## Task goal
Please give back the listing below word for word, without the images.

• • • • • • •

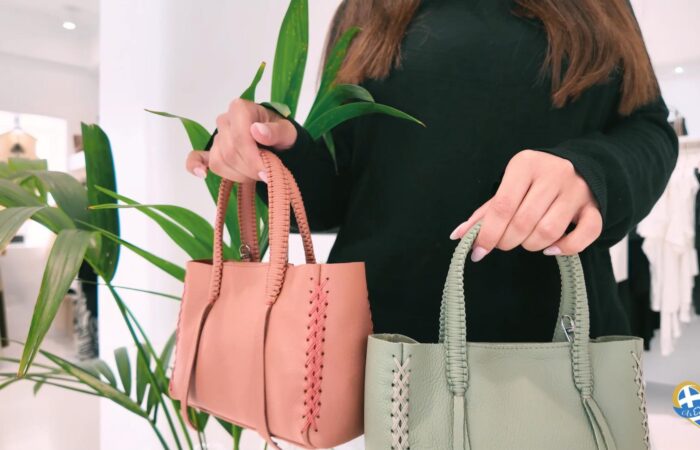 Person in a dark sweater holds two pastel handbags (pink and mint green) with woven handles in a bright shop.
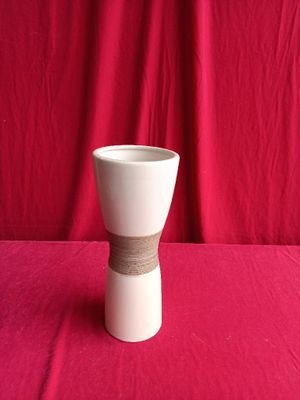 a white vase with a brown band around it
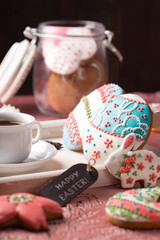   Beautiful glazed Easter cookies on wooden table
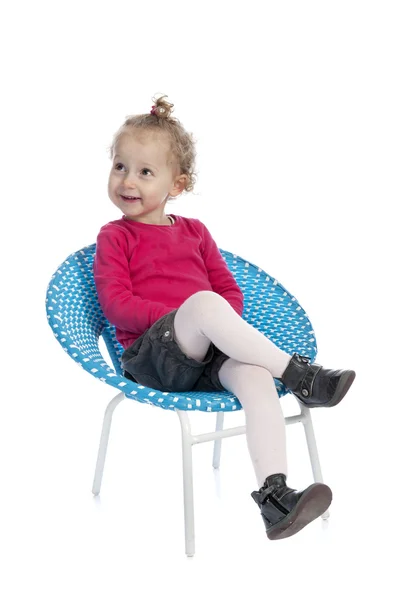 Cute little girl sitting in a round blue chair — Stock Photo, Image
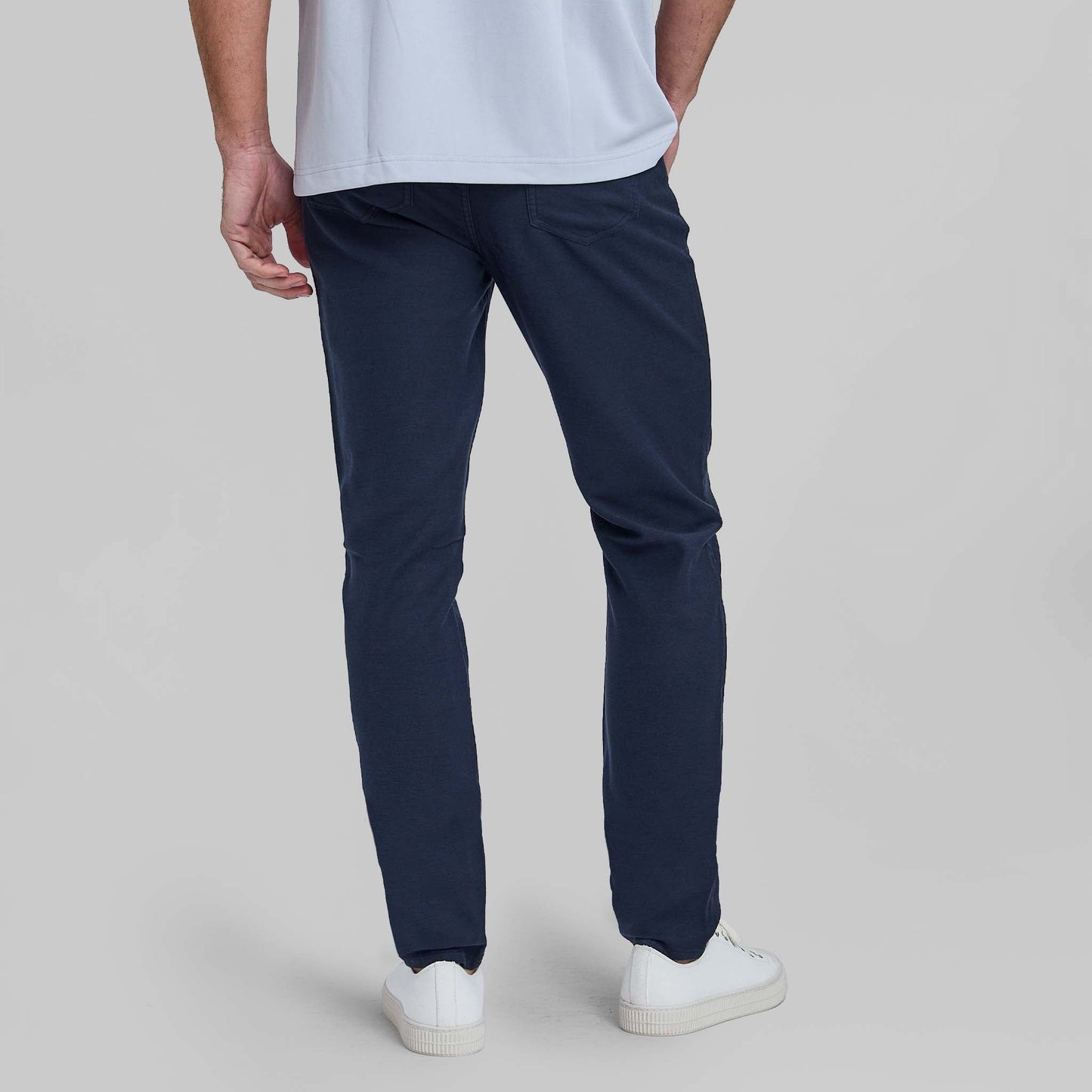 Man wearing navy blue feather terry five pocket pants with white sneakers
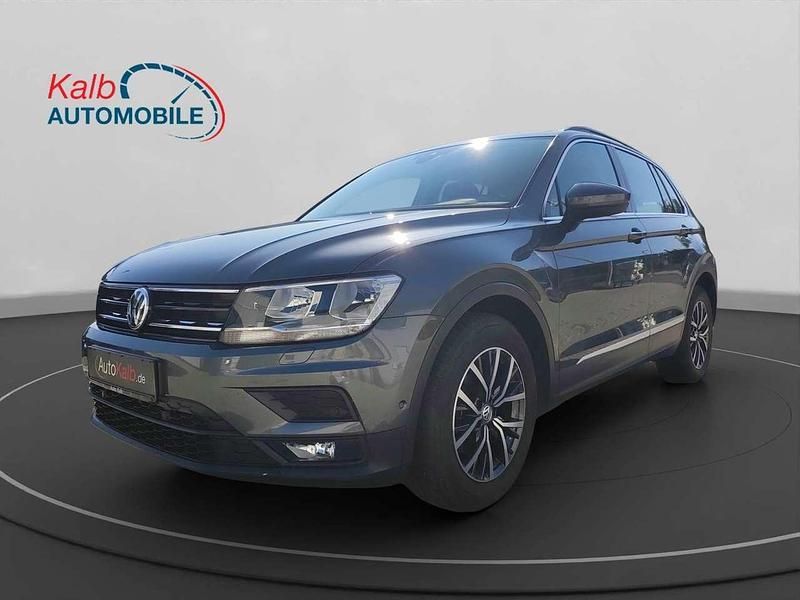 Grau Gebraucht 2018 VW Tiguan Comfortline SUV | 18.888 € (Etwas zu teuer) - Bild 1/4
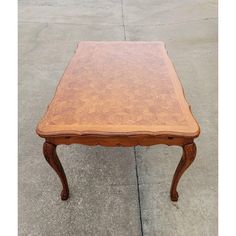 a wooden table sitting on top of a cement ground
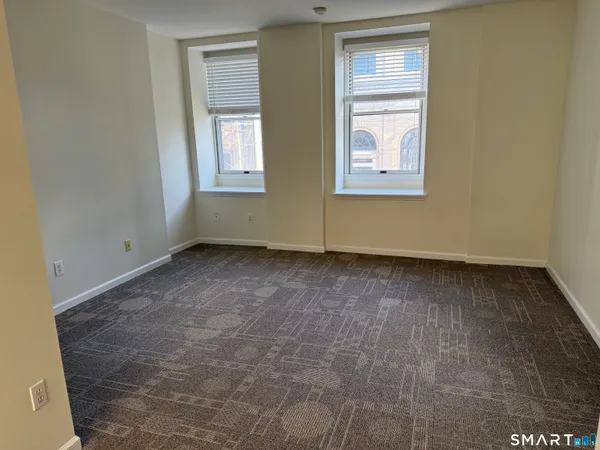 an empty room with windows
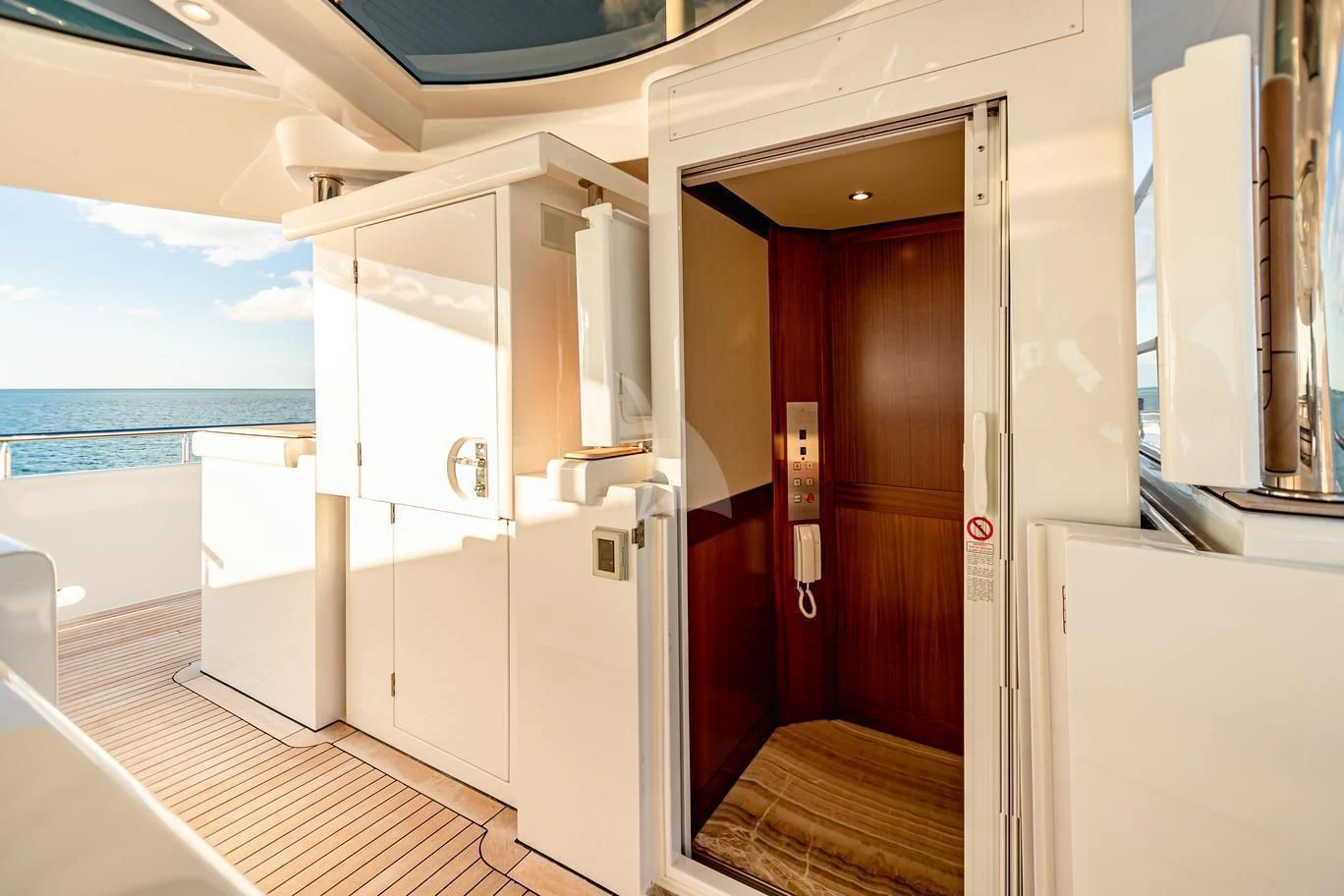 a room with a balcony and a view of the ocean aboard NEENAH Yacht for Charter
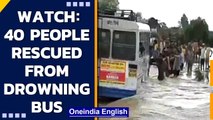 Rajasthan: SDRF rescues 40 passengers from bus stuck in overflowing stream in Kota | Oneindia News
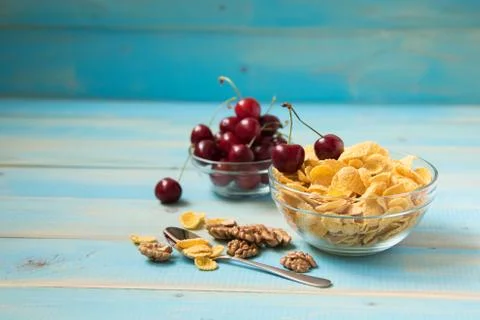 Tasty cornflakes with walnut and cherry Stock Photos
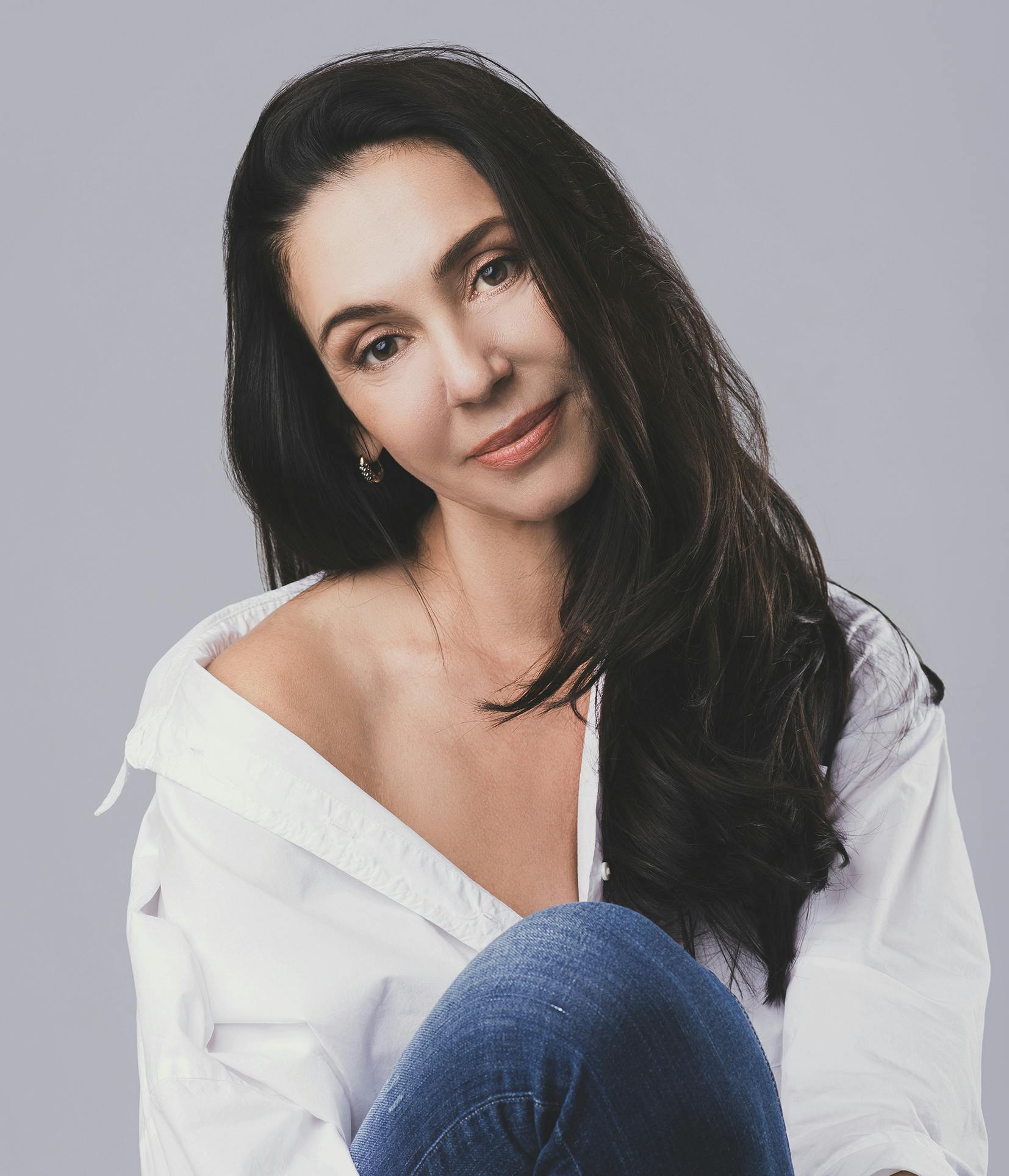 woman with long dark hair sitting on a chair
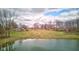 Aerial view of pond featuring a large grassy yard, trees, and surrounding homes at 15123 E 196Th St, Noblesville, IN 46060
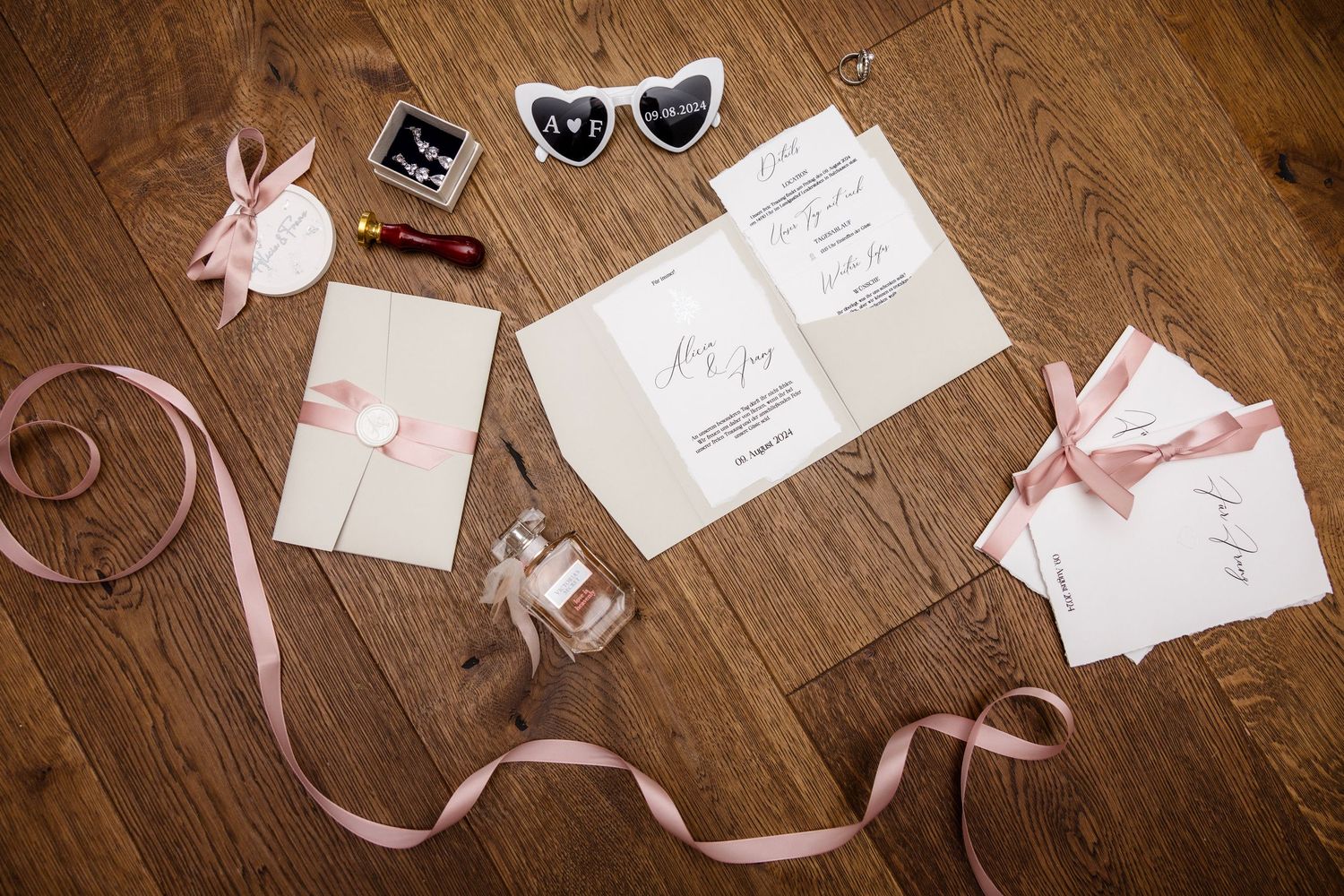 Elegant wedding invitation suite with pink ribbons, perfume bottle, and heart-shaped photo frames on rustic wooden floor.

• • • • • • •

## Expected output
 Person in a dark sweater holds two pastel handbags (pink and mint green) with woven handles in a bright shop.
 a white vase with a brown band around it
   Beautiful glazed Easter cookies on wooden table
 Cute little girl sitting in a round blue chair — Stock Photo, Image
 Man wearing navy blue feather terry five pocket pants with white sneakers
 Grau Gebraucht 2018 VW Tiguan Comfortline SUV | 18.888 € (Etwas zu teuer) - Bild 1/4
 a wooden table sitting on top of a cement ground
 an empty room with windows
 a room with a balcony and a view of the ocean aboard NEENAH Yacht for Charter
 Rajasthan: SDRF rescues 40 passengers from bus stuck in overflowing stream in Kota | Oneindia News
 Tasty cornflakes with walnut and cherry Stock Photos
 woman with long dark hair sitting on a chair
 Aerial view of pond featuring a large grassy yard, trees, and surrounding homes at 15123 E 196Th St, Noblesville, IN 46060
 Elegant wedding invitation suite with pink ribbons, perfume bottle, and heart-shaped photo frames on rustic wooden floor.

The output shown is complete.